Talk to your RA. They can advise you on what to do, and they may even be able to discuss the issue with your roommate themselves so you don’t have to do it. If nothing else, she definitely needs to get rid of the garbage like empty bottles. It sounds like it may have gotten out of hand and she might not even be sure what she should do, so maybe if the RA can give her advice on where to donate, dump things, etc…it’ll help both of you.

Maybe suggest some spring cleaning?

Honestly, I can’t believe all of that stuff even fits in the room! I would try to start casual and then get progressively tougher if she doesn’t improve the situation. Start by asking casual questions – I would ask if the suitcases are full and then suggest filling them, then ask what she’s doing with everything at the end of the year. Make a trip to the trash/recycle center and ask if you can take some of the bottles with you.

I would approach it as a team effort – help her clean if she will at all let you, especially since it sounds like she’s getting concerned too. If she doesn’t want to change, then I’d go to the RA. I’ve known people in this situation before, but this sounds like there’s a real problem (and I’m sort of a packrat myself).

Good luck!

Tell her you like to organize and ask if she would like your help getting ready to go back home, especially since it will be expensive is she tries to take everything with her. She might want to sell or donate some things now and not wait until everyone is trying to clear out. Channel your inner Marie Kondo. Force doesn’t work, especially if it is all on her side of the room.

Go to your RA, and say that you would like some help with how you get your roommate to keep her stuff on her side of the room…she just has too much stuff.

To her you might mention that she should consider taking stuff home for spring break…or if she is staying here, thinking about what to ship home, donate or throw out.

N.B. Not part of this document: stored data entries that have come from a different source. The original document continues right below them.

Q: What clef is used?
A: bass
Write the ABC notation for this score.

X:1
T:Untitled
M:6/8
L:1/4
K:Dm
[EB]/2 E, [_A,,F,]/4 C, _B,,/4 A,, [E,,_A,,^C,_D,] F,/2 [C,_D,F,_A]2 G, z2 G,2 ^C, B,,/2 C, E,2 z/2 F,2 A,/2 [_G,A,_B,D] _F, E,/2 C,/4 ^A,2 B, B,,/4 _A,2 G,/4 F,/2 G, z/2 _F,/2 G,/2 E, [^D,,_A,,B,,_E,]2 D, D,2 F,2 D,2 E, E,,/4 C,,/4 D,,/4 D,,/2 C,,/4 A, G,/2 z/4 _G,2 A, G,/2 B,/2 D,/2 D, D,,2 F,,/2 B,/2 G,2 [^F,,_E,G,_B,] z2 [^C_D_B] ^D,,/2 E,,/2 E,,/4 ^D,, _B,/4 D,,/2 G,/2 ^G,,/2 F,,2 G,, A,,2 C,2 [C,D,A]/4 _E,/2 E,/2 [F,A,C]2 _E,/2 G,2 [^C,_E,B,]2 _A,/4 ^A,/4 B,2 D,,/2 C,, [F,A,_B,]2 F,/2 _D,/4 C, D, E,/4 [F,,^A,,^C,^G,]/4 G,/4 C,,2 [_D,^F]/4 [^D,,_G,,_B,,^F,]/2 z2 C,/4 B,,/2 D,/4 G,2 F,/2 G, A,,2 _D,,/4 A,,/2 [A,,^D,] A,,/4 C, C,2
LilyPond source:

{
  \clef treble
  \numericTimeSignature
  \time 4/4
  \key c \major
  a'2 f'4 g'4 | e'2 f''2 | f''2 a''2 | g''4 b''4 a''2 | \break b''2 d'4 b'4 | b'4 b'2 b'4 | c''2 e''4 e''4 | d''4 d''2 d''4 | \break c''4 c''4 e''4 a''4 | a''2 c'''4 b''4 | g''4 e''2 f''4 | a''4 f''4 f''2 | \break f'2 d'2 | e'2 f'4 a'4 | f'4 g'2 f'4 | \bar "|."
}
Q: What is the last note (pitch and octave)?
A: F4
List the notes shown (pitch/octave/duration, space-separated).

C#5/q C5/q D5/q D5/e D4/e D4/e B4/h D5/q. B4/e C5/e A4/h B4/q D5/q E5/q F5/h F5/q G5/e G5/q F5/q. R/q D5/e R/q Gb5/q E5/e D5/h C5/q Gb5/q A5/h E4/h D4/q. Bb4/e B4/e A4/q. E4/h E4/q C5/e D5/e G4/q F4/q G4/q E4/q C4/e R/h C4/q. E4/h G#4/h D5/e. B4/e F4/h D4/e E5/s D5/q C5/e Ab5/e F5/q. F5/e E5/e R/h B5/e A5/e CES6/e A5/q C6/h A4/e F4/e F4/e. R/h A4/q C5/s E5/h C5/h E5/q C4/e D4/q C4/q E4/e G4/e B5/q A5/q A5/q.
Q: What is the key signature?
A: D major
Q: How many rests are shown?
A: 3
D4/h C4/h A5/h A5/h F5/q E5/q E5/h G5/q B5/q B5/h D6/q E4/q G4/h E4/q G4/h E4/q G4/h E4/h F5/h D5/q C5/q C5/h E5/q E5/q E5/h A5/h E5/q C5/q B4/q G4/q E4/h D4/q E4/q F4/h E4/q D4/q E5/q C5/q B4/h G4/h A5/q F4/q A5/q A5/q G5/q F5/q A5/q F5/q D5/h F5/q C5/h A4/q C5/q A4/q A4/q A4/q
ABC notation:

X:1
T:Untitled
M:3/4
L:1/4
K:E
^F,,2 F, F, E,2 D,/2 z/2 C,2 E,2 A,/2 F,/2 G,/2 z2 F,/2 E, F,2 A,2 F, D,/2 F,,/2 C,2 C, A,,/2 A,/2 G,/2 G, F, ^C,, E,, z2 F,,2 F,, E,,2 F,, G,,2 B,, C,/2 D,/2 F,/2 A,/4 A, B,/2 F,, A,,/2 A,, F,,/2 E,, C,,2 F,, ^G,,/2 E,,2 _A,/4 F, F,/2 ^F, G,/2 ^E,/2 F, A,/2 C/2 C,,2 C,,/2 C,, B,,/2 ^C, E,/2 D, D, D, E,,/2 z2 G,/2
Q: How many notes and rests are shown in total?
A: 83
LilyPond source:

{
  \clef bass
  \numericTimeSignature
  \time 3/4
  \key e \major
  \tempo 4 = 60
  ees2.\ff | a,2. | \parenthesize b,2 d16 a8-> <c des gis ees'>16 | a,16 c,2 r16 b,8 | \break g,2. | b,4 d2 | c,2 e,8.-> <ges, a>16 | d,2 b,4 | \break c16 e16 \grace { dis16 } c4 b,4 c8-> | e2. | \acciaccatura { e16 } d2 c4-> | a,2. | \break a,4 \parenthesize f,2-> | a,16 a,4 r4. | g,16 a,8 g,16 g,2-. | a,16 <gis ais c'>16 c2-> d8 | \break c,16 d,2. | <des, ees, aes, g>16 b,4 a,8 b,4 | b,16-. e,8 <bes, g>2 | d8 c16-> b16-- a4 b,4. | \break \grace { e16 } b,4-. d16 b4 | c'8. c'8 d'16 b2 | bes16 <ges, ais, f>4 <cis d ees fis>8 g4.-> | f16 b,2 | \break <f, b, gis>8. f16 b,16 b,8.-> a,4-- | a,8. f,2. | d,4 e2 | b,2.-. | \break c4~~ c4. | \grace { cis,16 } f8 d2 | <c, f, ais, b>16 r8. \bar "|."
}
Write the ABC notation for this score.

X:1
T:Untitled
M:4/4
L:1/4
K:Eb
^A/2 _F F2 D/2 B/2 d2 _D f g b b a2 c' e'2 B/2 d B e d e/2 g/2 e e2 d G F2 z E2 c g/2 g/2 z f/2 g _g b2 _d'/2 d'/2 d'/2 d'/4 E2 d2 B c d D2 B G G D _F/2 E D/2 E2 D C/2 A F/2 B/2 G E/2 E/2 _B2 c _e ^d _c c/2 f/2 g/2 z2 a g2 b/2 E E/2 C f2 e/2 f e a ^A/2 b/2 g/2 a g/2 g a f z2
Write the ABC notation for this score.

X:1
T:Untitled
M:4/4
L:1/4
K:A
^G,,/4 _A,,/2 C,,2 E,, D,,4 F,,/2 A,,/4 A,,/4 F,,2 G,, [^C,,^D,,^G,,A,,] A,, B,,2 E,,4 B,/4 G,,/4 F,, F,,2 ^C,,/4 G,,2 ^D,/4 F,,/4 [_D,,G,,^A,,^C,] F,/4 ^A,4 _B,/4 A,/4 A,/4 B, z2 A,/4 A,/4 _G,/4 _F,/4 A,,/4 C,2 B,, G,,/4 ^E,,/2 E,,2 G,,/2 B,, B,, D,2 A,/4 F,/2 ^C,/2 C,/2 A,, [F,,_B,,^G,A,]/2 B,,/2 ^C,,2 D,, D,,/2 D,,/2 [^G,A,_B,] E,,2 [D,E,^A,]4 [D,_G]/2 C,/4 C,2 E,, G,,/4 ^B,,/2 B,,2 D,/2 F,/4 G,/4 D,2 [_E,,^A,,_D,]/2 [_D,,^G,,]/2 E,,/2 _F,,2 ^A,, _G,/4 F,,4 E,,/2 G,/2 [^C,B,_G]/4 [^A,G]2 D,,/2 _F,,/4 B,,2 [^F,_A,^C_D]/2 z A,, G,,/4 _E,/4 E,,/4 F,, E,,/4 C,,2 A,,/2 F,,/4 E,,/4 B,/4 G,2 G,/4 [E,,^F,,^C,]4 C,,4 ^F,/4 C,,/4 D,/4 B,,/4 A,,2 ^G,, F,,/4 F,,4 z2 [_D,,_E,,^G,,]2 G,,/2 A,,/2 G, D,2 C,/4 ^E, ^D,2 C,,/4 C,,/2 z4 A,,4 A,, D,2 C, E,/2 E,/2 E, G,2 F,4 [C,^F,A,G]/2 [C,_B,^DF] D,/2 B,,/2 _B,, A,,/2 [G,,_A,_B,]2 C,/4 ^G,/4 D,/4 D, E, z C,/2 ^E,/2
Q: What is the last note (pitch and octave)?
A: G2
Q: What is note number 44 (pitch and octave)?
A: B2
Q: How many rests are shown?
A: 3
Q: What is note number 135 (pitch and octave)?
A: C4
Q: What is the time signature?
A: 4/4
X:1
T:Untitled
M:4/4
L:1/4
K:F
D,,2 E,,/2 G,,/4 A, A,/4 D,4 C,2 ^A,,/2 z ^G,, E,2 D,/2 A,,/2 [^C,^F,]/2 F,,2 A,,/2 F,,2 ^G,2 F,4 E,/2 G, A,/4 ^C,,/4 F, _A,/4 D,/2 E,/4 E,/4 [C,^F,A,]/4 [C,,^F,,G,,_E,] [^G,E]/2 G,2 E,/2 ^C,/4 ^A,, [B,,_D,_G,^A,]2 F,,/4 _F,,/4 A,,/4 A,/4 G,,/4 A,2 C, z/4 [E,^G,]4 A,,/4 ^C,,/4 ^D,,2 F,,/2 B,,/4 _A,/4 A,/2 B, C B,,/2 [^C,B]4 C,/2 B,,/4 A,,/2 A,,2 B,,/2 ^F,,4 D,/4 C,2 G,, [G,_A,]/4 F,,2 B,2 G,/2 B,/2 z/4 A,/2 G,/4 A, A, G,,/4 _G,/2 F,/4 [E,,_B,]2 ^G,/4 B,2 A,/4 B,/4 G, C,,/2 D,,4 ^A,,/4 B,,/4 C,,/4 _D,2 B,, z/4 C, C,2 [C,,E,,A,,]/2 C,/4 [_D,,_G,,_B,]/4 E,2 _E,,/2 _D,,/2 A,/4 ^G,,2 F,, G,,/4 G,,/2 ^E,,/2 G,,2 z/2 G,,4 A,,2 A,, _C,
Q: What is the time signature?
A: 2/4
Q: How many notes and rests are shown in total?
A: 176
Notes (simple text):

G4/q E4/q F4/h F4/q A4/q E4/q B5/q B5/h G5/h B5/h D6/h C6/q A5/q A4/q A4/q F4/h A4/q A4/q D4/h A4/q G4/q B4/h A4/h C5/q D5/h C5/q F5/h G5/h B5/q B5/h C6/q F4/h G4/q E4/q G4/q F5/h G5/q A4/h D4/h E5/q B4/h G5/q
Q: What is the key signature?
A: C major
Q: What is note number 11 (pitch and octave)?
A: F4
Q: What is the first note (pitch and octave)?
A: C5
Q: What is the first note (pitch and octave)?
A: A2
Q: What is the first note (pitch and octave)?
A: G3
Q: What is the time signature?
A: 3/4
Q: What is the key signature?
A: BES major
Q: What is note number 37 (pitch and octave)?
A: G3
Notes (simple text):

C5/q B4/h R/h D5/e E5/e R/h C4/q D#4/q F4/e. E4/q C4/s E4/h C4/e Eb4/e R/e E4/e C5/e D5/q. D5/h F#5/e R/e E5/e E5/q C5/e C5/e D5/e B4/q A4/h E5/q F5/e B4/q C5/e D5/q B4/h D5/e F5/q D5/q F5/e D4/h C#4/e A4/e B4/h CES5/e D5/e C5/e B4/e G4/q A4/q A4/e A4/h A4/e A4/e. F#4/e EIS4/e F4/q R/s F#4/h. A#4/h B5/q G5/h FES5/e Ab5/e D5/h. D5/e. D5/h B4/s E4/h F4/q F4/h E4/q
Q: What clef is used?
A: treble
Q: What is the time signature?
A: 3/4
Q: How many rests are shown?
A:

That’s a turn - my D’s experience with out of state roomies is that they live out of a couple of suitcases! Maybe you can ask if you two can put aside a morning one weekend to clean up the place? Sometimes a situation gets past the point of manageable and the offender just says “f’” it and doesn’t deal. Some helping hands might just what she needs to hit the reset button. If she starts to get defensive, reiterate how glad you are to be rooming with her and just need to have her stuff contained a little bit better.

D has a super slobby roommate in freshman year (3 in a 2-person dorm, so cramped already). I’m talking piles of clothes that D had to shovel out of the way to get to her drawers, decaying food on her desk, overflowing trash cans - you get the idea. No issues sophomore year, then fast-forward to junior year - sharing a room in an apartment with another slob. D is very happy there. Difference? Freshman roommate was also super inconsiderate, completely different social life and work ethic, and there was no place for D to escape. Junior roommate is a delight (as are her roomies) and she has other spaces - living room, kitchen - to retreat to if the mess is too much. So, how you feel about the roomie does come into play somewhat.